I try to find $QR$ decomposition, but I got stuck in some etap and I can't continue - how to finish it ?
$$ A= \left[\begin{matrix} 1 & -1 \\ 1 & 0 \\ 1 & 1 \\ 1 & 2 \end{matrix}\right] $$
$v = \left[\begin{matrix} 1+2 \\ 1 \\ 1 \\ 1 \end{matrix}\right] \cdot \frac{1}{\sqrt{9+1+1+1}} = \frac{1}{2\sqrt{3}}\cdot \left[\begin{matrix} 1+2 \\ 1 \\ 1 \\ 1 \end{matrix}\right] $
$$Q_1 = I - 2vv^t = I - \frac16 A= \left[\begin{matrix} 9 & 3 & 3 &3 \\ 3 & 1 & 1 &1 \\ 3 & 1 & 1 &1 \\ 3 & 1 & 1 &1 \\ \end{matrix}\right] = \left[\begin{matrix} -\frac{1}{2} & -\frac{1}{2} & -\frac{1}{2} &-\frac{1}{2} \\ -\frac{1}{2} & \frac{5}{6} & -\frac{1}{6} &-\frac{1}{6} \\ -\frac{1}{2} &- \frac{1}{6} & \frac{5}{6} &-\frac{1}{6} \\ -\frac{1}{2} &- \frac{1}{6} & -\frac{1}{6} &\frac{5}{6} \\ \end{matrix}\right] $$
$$Q_1A =\left[\begin{matrix} -2 & -1 \\ 0 & 0 \\ 0 &1 \\ 0 &2 \\ \end{matrix}\right] $$
I checked it yesterday night, you computed the first Householder-Matrix right and I assume that multiplication is right.

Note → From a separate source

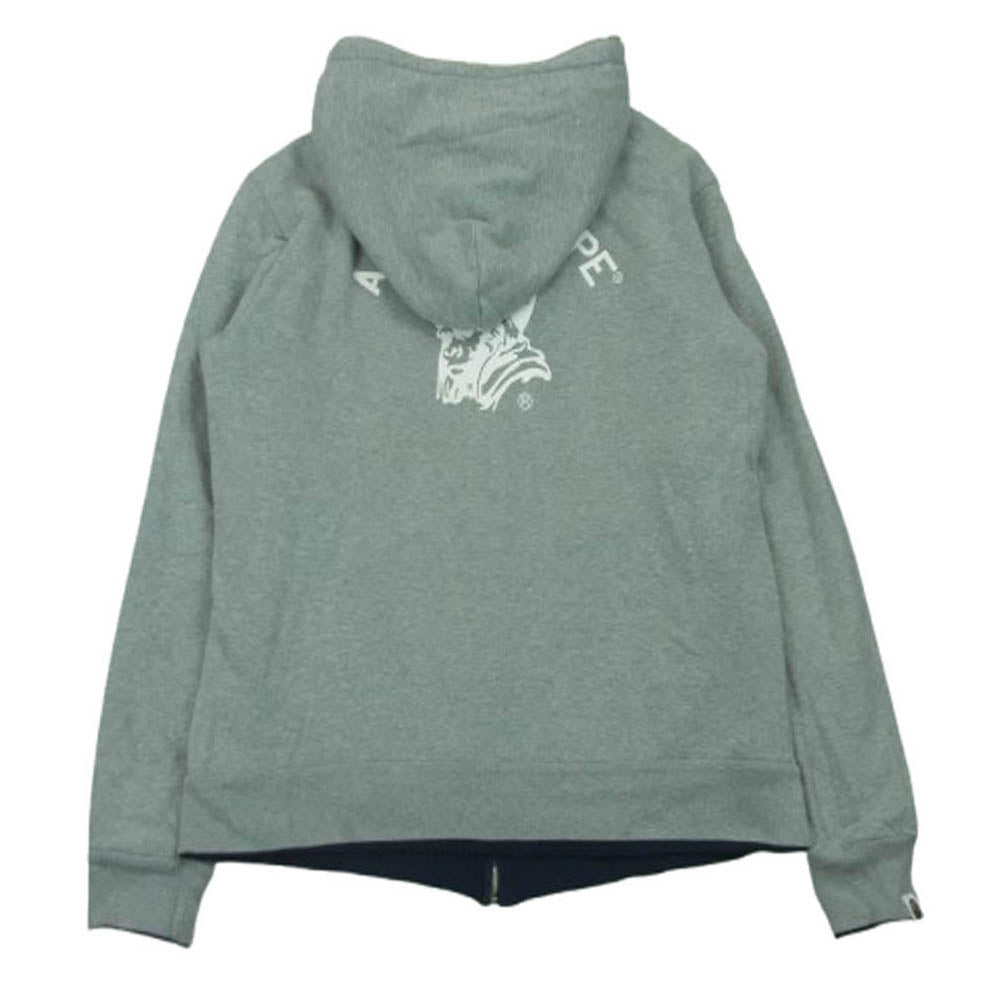 A BATHING APE アベイシングエイプ カレッジ ロゴ ジェネラル プリント リバーシブル フルジップ スウェット パーカー グレー系 ネイビー系 XXL【中古】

Applying the first Householder-Transformation, you somehow mapped the first column of your matrix $A$ to a constant $c$ ($c=2$ in your case) times the first unit vector. This is what should happen.
So now you're in
Iteration 2
As your current Matrix you now consider a Submatrix of $Q_1A$, namely you cut out the first row and first column, so you just consider the matrix
$ (Q_1A)^{1,1}=\begin{bmatrix}0\\1\\2\end{bmatrix} $
(the subscript denotes the row and column where you cut off)
You now want the second Householder-Transformation to map the first column of this matrix to $c_2 e_2$, where $c_2\not=0$ is constant and $e_1$ is the first unit vector. So you calculate again:
$\tilde{v_2} = \begin{bmatrix}0\\1\\2\end{bmatrix}-\sqrt{1^2+2^2}\begin{bmatrix}1\\0\\0\end{bmatrix} = \begin{bmatrix}-\sqrt{5}\\1\\2\end{bmatrix}$.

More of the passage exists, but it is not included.